*** Opening of GIVEN MATERIAL ***

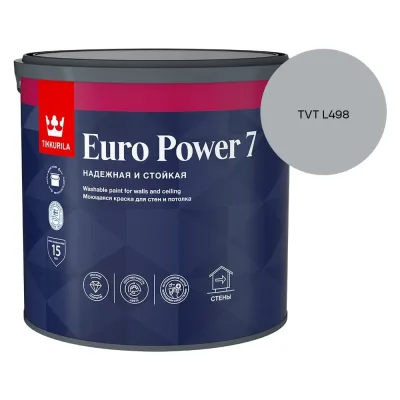 Краска интерьерная стойкая к мытью Tikkurila EURO POWER 7 A мат 2,7л 700001120_TVT L498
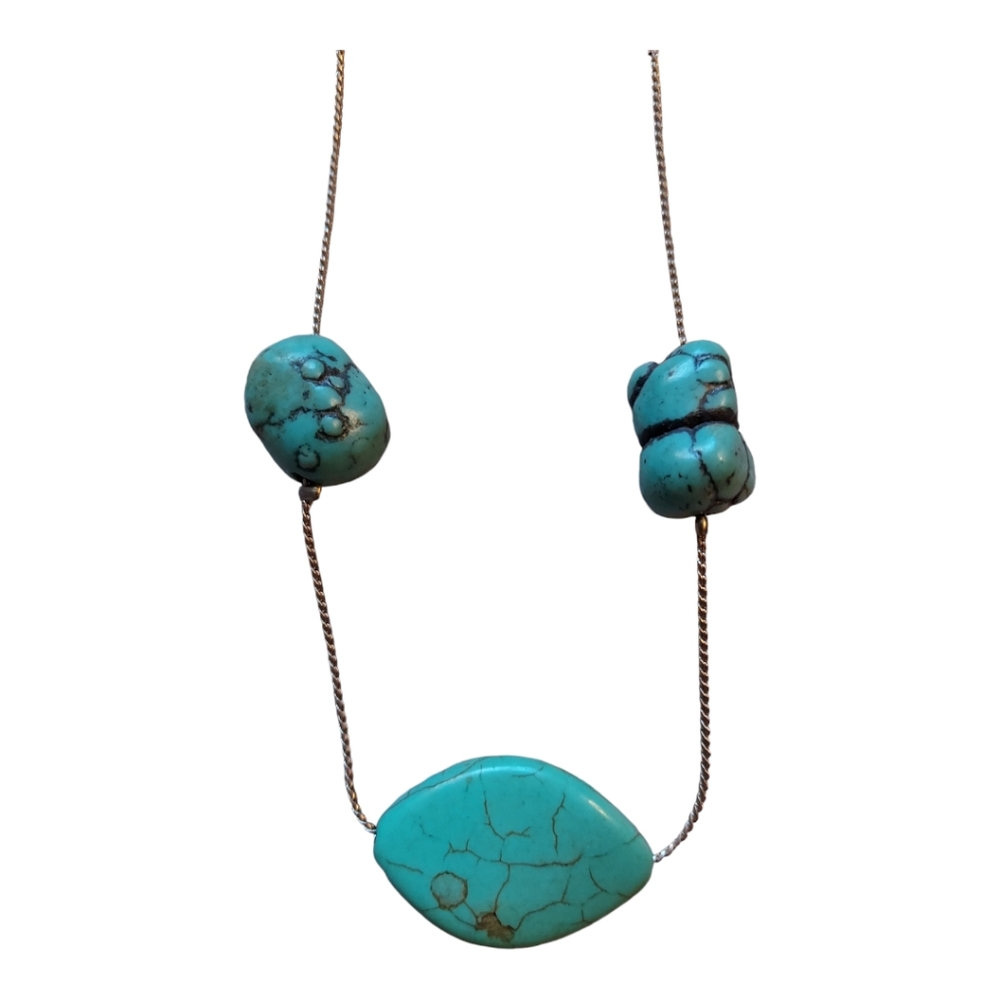 Western Southwestern Coastal Cowgirl Boho Artisanal Turquoise Statement Necklace - Picture 4 of 6
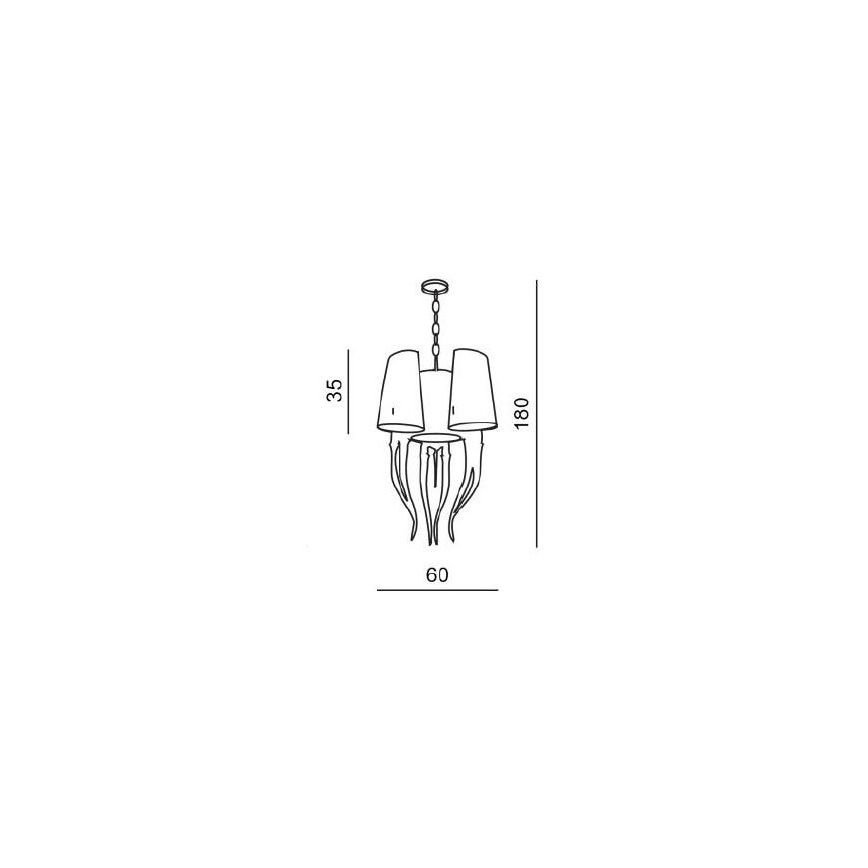 Azzardo AZ1232 - Candelabro suspenso DIABLO 6xE14/11W/230V branco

*** Close of GIVEN MATERIAL ***

EXERCISE BRIEF: When you transcribe the lines above, keep every word exact but leave the pictures behind.

YOUR RESPONSE:
 Краска интерьерная стойкая к мытью Tikkurila EURO POWER 7 A мат 2,7л 700001120_TVT L498
 Western Southwestern Coastal Cowgirl Boho Artisanal Turquoise Statement Necklace - Picture 4 of 6
 Azzardo AZ1232 - Candelabro suspenso DIABLO 6xE14/11W/230V branco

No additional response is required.